Il y a d’abord la comédie musicale d’Alfred Jars, « Le père Urubu », dont l’interprète principale, la capricieuse Lalou Lalouette, est assassinée : mystère au théâtre ! Vient ensuite l’histoire de Marcel Pigeon, embobiné par la colombe Blanche qui parvient alors à cambrioler sans effraction la bijouterie de Georges Dindon, le patron de Marcel. Puis c’est un dîner au château du Grand-Duc, lequel perd rapidement la vie. Les coupables risquent d’être pluriels… Enfin, les dixièmes Œufs olympiques d’Ornithopolis nous entraînent dans les foulées de Willy Nandou, l’oiseau le plus rapide du monde, et de Boris Sterne, gagnant du marathon. Mais le dopage guette, ainsi que l’enlèvement d’un milliardaire par le vieux gang des rapaces.

(…) Les jeunes lecteurs ne relèveront pas toute la quantité de bons mots qui parsèment les nouvelles, mais peu importe : rien qu’en tant que polar, le plaisir et la spiritualité sont là.

  • Un article dans Lire en tout genre du 9 août 2016
    Archie Duc est un inspecteur hors pair. Aidé du jeune Léo, aucune enquête ne lui résiste ! Du meurtre d’une actrice au théâtre de la Volière au vol d’une bijouterie, Archie Duc a l’œil sur tout et sur tout le monde ! Et les enquêtes sont très diversifiées puisque l’enquêteur va également se pencher sur la mort de son cousin dans un château mais aussi sur une tricherie aux Œufs Olympiques !

Ce titre renferme donc 4 enquêtes : 4 histoires courtes largement illustrées de dessins rigolos en noir en blanc qui viennent s’insérer dans le texte. Les références et les clins d’œil sont très nombreux (je pense par exemple à l’enquête qui a tout du jeu de société Cluedo avec le colonel Outarde, le revolver et le chandelier). Et puisque tous les personnages du livre sont des oiseaux, les jeux de mots vont bon train : un fou qui s’est échappé de l’asile de Bassan, une célèbre voleuse qui répond au nom de la Pie Qui Chante, ou encore une danseuse de french coincoin…

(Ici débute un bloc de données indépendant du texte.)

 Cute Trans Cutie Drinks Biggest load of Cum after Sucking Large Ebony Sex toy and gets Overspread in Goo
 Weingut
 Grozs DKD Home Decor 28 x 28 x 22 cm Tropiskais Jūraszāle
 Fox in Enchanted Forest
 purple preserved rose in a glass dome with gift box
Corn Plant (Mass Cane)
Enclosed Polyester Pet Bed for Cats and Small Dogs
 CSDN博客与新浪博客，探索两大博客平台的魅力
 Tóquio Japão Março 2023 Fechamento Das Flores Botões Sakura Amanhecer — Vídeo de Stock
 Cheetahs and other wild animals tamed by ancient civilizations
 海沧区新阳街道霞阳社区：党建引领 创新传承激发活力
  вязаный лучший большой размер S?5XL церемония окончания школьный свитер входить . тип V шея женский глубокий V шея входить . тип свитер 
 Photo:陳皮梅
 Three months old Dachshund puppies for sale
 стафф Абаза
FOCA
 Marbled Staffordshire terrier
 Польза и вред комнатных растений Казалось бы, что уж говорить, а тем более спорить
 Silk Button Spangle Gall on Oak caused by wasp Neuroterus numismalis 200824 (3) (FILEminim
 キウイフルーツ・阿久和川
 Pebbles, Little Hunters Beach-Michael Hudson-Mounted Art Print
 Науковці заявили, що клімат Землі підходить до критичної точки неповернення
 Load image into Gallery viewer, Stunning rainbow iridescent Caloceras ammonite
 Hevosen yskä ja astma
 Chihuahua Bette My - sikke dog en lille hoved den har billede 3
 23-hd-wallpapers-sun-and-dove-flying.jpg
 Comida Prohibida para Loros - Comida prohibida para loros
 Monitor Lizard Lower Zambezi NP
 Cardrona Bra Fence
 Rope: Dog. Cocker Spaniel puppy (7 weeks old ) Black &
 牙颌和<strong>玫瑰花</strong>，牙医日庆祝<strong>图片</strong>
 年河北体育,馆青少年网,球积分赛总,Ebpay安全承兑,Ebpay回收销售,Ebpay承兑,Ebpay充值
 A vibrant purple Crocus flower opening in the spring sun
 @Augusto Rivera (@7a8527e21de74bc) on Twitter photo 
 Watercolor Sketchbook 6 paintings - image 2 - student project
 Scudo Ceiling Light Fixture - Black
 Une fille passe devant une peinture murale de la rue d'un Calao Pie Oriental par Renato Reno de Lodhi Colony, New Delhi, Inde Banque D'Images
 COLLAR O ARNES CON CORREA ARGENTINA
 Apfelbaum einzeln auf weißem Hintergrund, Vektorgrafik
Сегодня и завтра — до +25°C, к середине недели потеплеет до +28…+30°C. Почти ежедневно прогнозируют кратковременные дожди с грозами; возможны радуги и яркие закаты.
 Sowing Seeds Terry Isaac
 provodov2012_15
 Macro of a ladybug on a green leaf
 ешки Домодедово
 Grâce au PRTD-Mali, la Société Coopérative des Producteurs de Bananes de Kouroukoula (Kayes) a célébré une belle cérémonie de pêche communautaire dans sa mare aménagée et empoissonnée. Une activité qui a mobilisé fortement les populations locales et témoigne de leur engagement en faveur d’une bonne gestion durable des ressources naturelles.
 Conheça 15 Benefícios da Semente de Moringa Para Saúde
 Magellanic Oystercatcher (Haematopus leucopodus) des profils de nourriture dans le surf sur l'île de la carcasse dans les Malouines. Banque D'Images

« Au nom de l’oie, je vous arrête ! »

Comme le titre de cette seconde partie de chronique vous l’illustre bien, Le hibou n’est pas manchot est encore une fois un roman où les jeux de mots fleurissent. Les jeunes lecteurs vont devoir s’accrocher pour suivre, et c’est tant mieux ! Il ne faudrait pas que tout leur tombe tout cuit dans le bec non plus, si ?

Une lecture dynamique, enlevée et maligne, voici donc les maître mots de ce petit ouvrage de presque 150 pages. Le tout est parsemé de quelques illustrations très parlantes (et souvent comiques) qui animeront à merveille le tout.

On retrouve les mêmes ressorts comiques que dans le roman précédent (il n’y a pas d’ordre à respecter, les personnages sont d’ailleurs tous différents). De même, les intrigues, sont aussi simples qu’efficaces.
Bref, c’est le genre de roman parfait pour les enfants qui aiment peut-être déjà lire (ou non !), et qui souhaitent d’essayer à quelque chose de différent et d’un peu inclassable.